At Open Targets, we have several ways of accessing our data. In this post, we illustrate how to make the best use of it from the BigQuery workspace.
This query is an example of how to extract the drugs that are on the market for a restricted list of targets.
SELECT targets.approvedSymbol, targets.id, ARRAY_AGG(drugs.id) AS drugIds FROM `open-targets-prod.platform_21_04.molecule` AS drugs, UNNEST(linkedTargets.rows.list) AS linkedTarget JOIN `open-targets-prod.platform_21_04.targets` AS targets ON targets.id = linkedTarget.element WHERE drugs.maximumClinicalTrialPhase = 4 AND targets.approvedSymbol IN ( 'ERBB3', 'EGFR' ) GROUP BY targets.id, targets.approvedSymbol
This is an alternative to the batch search functionality of the previous version so that we allow our users to have more control and to elaborate more complex hypotheses with the vast amount of data available in the Platform.
If the query becomes more complex or the set of targets is very large, we encourage you to see how these same steps would be done using our data downloads in this post.
Confused?
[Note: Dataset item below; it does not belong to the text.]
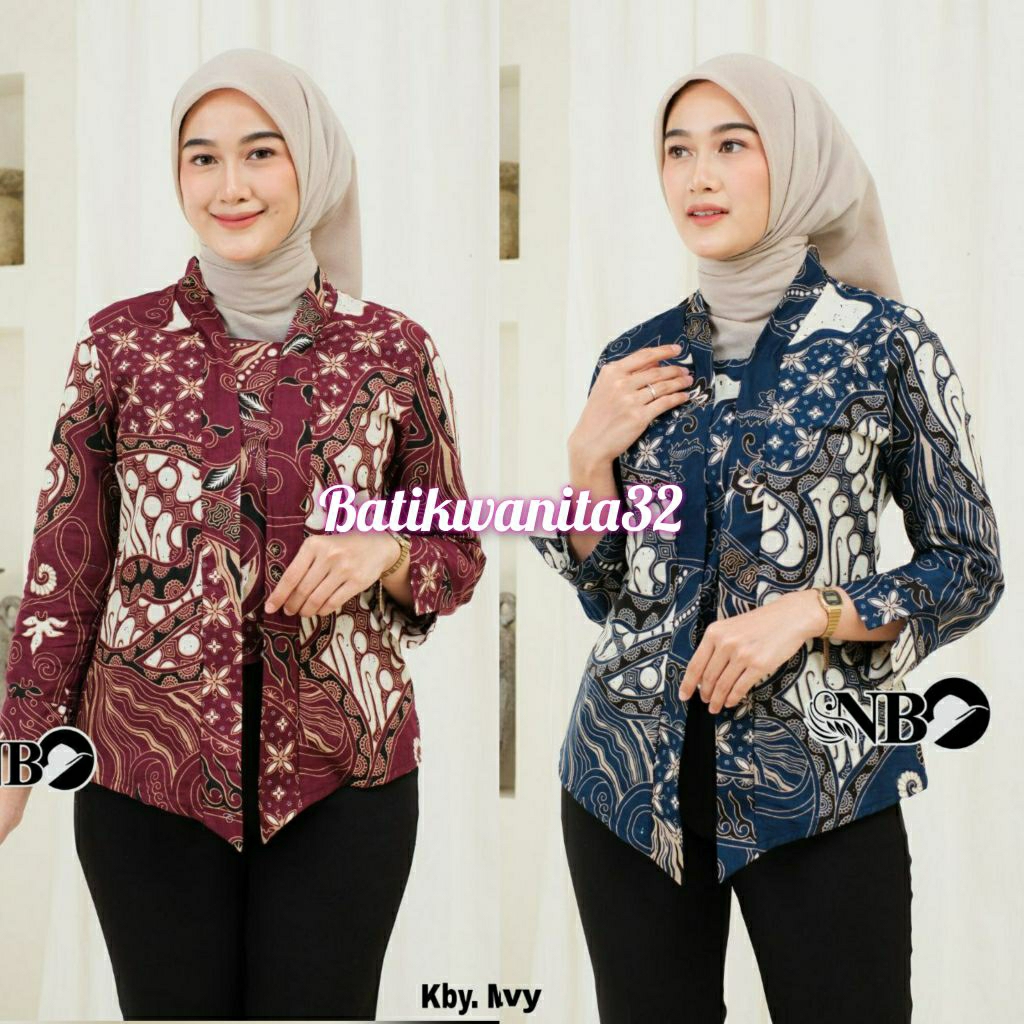 Batik wanita modern Monalisa batik seragam batik wanita couple kantor batik seragam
Let’s break it down:
We use 2 datasets to establish the relationship between the drug and the target:
- Target, which contains the HGNC Symbols;
- Molecule, with the annotation of the drug molecules.
The molecule dataset comprises in
linkedTargets.rows all the targets (in the form of Ensembl gene IDs) on which a drug acts according to its mechanism of action.
When joining the two tables, the only thing we have to take into account is that this field is an array that we have to flatten with
UNNEST to establish the pairwise relationship between each array element and the id from target.
We want to filter out drugs with a maximum phase observed in clinical trials below < 4 to perform the analysis only on those drugs that are available on the market.
Grouping first by the symbol and the ENSID of the target, we collect all the resulting drugs in the array
Both the query and our datasets are publicly available at this link.
To download the results simply click
Run > Save Results under the Query results section.
Consult the BigQuery documentation if you have problems accessing the workspace.